Philippines central bank mulls reserve ratio cuts

Bloomberg

The Philippine central bank will consider reducing the reserve requirement ratio for lenders further if banks don’t misbehave and speculate against the peso, Governor Benjamin Diokno said.
Bangko Sentral ng Pilipinas will “closely look at how banks will use funds freed up by RRR cut,” Diokno told a forum in Ma-nila, a day after announcing a 2 percentage-point reduction in the funds that large banks must hold in reserve. “Proper use will encourage further cuts and speculation will do otherwise.”
The reserve ratio will be lowered in three stages: to 17% from 18% on May 31, then to 16.5% on June 28 and 16% on July 26. The move follows a 25 basis-point reduction in the benchmark interest rate, providing more stimulus to the Southeast Asian economy after it grew at the slowest pace in four years in the first quarter.

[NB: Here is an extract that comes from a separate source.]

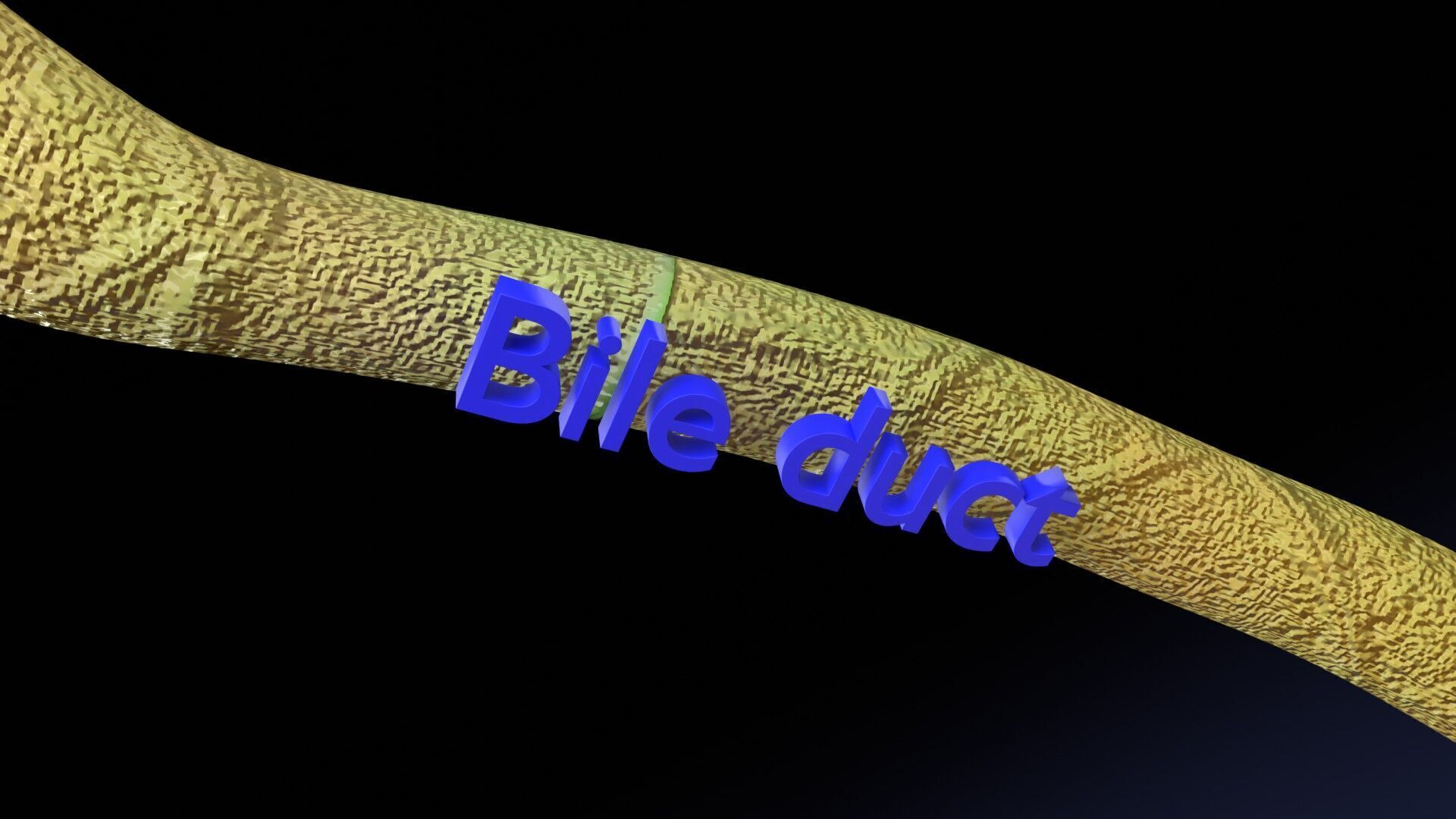 Biliary tract stone obstructions gallstone Low-poly 3D model_14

Diokno, who took office in March, is following through on a pledge by his predecessor, the late Nestor Espenilla, to bring down Southeast Asia’s highest reserve ratio to single digits by the middle of 2023. The move should help ease a liquidity crunch after money supply grew at the slowest pace in more than a decade at 4.2% in March. Loan growth was the lowest since 2015 in the same month.
The Monetary Board initially planned to implement a series of four cuts of 50 basis points each but decided to move more aggressively “to reduce speculation and allow bankers to prepare,” Diokno told the Italian Chamber of Commerce.